I made a convolutional neural network and I wanted to check that my gradients are being calculated correctly using numeric gradient checking.
The question is, how close is close enough?
My checking function just spits out the calculated derivative, the numerically approximated derivative, the difference between the two, and whether or not the two values have the same sign (one being positive and the other being negative is a big no-no) for each weight.
The main concern I have is that for all the fully connected layers and all the convolutional layers except the first one, the differences look similar – the first 9-13 characters of the two numbers will match. That sounds good enough, right? But for weights of the first convolutional layer, sometimes I get up to 12 decimal places to match but it can also be as low as just 3. Is that enough, or could there be a possible error?
One good thing to note is the sign of the two values is always matching which is good, so the network will always make moves in the right direction, even if the magnitude of the movement is a bit off. But that’s the question… is there a chance that it is off?

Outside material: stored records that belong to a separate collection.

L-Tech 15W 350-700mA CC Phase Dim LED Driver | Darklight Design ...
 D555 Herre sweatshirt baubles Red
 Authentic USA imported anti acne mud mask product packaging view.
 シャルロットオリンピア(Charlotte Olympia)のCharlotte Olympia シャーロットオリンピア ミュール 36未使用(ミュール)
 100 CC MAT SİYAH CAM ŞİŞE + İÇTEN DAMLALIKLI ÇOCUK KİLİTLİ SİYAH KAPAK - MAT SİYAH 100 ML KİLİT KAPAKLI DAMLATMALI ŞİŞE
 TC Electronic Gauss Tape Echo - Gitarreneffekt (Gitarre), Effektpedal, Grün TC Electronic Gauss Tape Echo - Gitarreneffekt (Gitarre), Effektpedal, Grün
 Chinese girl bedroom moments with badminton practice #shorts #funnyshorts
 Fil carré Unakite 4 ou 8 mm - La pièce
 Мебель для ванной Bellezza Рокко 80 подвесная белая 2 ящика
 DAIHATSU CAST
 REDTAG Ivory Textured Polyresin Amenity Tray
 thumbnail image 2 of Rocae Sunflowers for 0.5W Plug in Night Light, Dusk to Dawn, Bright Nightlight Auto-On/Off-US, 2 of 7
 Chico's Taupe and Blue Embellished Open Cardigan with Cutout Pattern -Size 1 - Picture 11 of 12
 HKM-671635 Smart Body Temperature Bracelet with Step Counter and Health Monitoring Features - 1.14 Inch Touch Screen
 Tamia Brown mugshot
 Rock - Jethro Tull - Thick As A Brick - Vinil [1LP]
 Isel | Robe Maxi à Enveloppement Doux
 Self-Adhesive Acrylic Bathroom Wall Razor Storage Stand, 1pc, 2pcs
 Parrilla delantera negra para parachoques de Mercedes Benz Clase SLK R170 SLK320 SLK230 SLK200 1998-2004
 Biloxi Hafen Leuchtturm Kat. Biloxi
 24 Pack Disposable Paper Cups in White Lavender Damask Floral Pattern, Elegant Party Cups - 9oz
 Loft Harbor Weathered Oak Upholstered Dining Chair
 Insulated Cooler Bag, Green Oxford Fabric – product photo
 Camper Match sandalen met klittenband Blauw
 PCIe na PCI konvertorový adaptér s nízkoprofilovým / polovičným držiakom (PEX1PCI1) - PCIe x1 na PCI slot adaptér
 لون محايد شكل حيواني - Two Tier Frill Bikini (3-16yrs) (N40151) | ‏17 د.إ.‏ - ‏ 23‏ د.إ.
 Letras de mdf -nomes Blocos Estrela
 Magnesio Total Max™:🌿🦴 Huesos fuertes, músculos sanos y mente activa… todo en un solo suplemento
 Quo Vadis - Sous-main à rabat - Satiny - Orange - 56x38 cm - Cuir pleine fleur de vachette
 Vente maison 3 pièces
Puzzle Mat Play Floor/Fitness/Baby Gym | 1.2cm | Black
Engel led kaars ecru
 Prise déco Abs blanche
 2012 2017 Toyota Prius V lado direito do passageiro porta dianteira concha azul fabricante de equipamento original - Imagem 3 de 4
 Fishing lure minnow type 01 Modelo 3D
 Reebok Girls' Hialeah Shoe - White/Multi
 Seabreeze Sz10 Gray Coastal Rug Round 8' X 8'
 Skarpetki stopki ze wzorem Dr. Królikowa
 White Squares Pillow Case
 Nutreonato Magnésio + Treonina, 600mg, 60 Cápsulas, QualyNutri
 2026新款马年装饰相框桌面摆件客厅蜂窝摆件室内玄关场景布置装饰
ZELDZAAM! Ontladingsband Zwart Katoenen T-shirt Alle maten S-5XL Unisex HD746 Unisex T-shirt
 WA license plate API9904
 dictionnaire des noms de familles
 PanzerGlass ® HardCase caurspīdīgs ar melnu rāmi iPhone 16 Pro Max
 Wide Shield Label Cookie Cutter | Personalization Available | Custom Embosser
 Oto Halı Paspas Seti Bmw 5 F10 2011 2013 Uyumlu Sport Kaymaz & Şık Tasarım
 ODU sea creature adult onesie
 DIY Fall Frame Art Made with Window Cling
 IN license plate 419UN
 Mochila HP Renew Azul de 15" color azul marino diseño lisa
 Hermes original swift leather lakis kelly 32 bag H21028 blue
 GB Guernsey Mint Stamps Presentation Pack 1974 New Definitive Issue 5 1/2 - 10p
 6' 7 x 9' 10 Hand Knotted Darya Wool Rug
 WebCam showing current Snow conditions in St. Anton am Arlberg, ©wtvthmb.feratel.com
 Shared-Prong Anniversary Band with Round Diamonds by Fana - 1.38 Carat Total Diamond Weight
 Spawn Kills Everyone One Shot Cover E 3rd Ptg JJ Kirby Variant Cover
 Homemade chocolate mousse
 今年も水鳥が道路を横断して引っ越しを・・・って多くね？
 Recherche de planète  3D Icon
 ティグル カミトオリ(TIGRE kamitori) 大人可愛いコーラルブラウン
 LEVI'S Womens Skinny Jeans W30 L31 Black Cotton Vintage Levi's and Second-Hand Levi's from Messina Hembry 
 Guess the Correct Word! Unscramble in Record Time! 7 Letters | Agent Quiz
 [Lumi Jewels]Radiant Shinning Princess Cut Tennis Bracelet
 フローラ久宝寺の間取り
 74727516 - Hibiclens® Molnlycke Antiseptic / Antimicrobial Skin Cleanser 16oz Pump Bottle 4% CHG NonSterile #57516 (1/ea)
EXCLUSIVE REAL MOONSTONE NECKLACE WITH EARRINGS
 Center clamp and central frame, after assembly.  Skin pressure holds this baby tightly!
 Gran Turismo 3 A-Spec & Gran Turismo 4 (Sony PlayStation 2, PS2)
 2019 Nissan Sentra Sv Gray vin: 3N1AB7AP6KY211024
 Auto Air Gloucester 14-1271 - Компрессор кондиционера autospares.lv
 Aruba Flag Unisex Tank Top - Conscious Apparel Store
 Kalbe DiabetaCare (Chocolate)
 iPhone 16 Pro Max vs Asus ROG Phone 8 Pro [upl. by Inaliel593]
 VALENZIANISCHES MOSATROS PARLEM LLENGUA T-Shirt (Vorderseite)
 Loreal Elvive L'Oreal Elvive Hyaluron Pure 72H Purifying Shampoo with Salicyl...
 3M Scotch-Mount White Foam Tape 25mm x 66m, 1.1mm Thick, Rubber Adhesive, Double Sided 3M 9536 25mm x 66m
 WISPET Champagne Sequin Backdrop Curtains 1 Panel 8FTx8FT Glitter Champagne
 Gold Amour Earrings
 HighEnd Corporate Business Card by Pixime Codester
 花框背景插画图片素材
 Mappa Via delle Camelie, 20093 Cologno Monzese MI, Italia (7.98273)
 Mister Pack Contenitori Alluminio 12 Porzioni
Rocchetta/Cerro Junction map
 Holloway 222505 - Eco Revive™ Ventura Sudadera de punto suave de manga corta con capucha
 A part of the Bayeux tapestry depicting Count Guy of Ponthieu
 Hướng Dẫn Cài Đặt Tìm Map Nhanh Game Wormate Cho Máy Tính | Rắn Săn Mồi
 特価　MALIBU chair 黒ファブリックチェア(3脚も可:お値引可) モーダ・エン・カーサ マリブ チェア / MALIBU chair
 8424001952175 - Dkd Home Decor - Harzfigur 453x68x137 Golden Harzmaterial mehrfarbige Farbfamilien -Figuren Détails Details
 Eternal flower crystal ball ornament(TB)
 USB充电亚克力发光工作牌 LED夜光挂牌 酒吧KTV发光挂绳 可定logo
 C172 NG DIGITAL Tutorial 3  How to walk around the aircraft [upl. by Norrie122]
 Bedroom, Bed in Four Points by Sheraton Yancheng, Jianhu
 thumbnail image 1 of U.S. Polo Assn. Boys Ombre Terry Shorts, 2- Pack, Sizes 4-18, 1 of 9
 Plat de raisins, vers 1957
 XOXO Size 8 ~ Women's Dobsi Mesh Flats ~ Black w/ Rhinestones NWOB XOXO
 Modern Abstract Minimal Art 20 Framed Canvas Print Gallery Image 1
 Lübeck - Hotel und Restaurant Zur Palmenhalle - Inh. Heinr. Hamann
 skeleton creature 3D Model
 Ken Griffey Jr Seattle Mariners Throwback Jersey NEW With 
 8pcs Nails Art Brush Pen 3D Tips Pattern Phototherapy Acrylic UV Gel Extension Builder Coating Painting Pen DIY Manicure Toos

The closest I have seen to addressing this was in the Stanford UFLDL tutorial within the softmax regression section. Copying the key statement:
The norm of the difference between the numerical gradient and your analytical gradient should be small, on the order of 10−9.
In python the code would look something like this:
norm(gradients - numericalGradients)/norm(gradients + numericalGradients)
gradients are you results from the derivative and
numericalGradients are the approximated gradients.